The acquisitions will primarily help Indian IT companies to expand their market। They will help companies acquire skill sets and contracts and relationships that have higher billing rates and that are more complex value-add services.

What can be a better time to reduce dependence on the US market? All big Indian IT companies get more than 50 per cent of their revenues from the US markets. The financial turmoil in the US is making Indian IT companies look beyond their key market and explore new territories.

Indian IT firms such as Infosys and rival Tata Consultancy Services are rapidly expanding in Europe, Asia, the Middle-East and Latin America to cut their dependence on the United States. In fact, the last two quarters of the leading IT companies have also shown a jump in revenues from other geographies.

The No 1 software exporter TCS is making large investments in Latin America and the Asia-Pacific region, including India। Infosys Technologies too plans to cut its dependence on the US down to about 40 per cent from the present 60 per cent.

Traditionally, Indian IT biggies earn more than 50 per cent of their revenues from BFSI (banking, financial services and insurance) segment. With the global financial crisis, these companies are now looking at other verticals and expanding their portfolio to drive profits.

The recent battle over Axon between Infosys and HCL also shows the Indian companies' zeal to target European markets increasingly.

Analysts expect that over the next couple of months, Indian IT firms may not sign any big contracts in the BFSI sector, but instead they may bag opportunities in areas like retailing, transport, healthcare and manufacturing.

As the industry diversifies, it is expected to see growth coming from unpenetrated areas and verticals। Traction in manufacturing, life sciences and retail verticals helped TCS drive growth in Q1. The company CEO also said that new verticals like retail, manufacturing and life sciences are growing.
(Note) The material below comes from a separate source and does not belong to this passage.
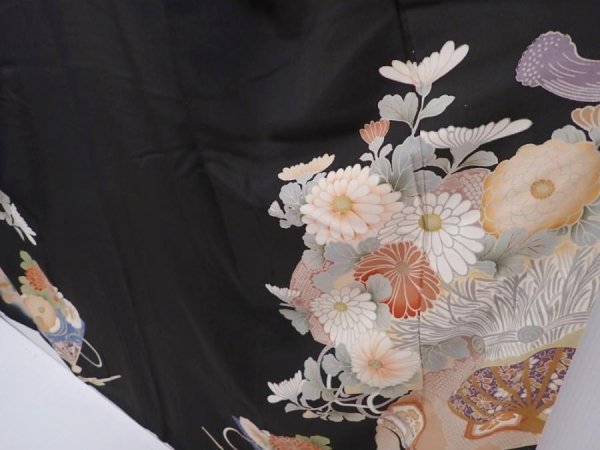 Photo4: 5910T11z640 Antique Japanese Kimono Silk TOMESODE Chrysanthemum Black (4)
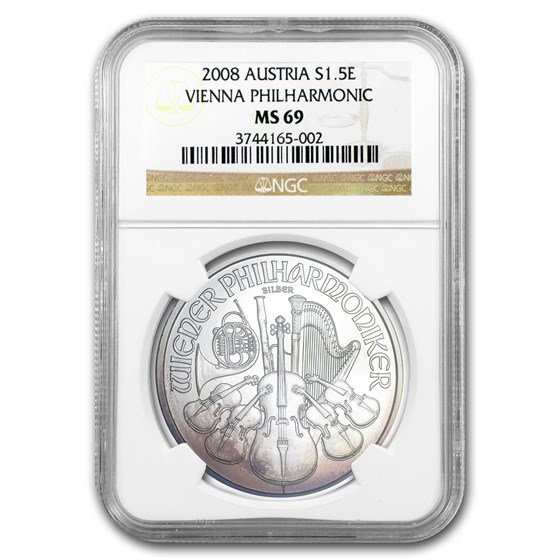 2008 Austria 1 oz Silver Vienna Philharmonic MS-69 NGC (Toned) 2008 Austria 1 oz Silver Vienna Philharmonic MS-69 NGC (Toned)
Satyam has generated some $440 million that accounted for 21 per cent of its revenue from Europe last year.

Many analysts also believe that the global financial turmoil may in a way also boost India's outsourcing industry as the focus shifts towards cost-cutting, making them shift work to cheaper locations.

According to them, existing contracts could continue and outsourcing could be stepped up but there could also be massive restructuring of offshore deals.

The software industry body Nasscom too believes that the financial crisis will lead to more business coming to India. For example, the tremors of job cuts as a result of HP-EDS integration are also likely to be felt the most in high-cost locations. The US is reported to suffer at least 50 per cent of the total 24,600 job cuts announced.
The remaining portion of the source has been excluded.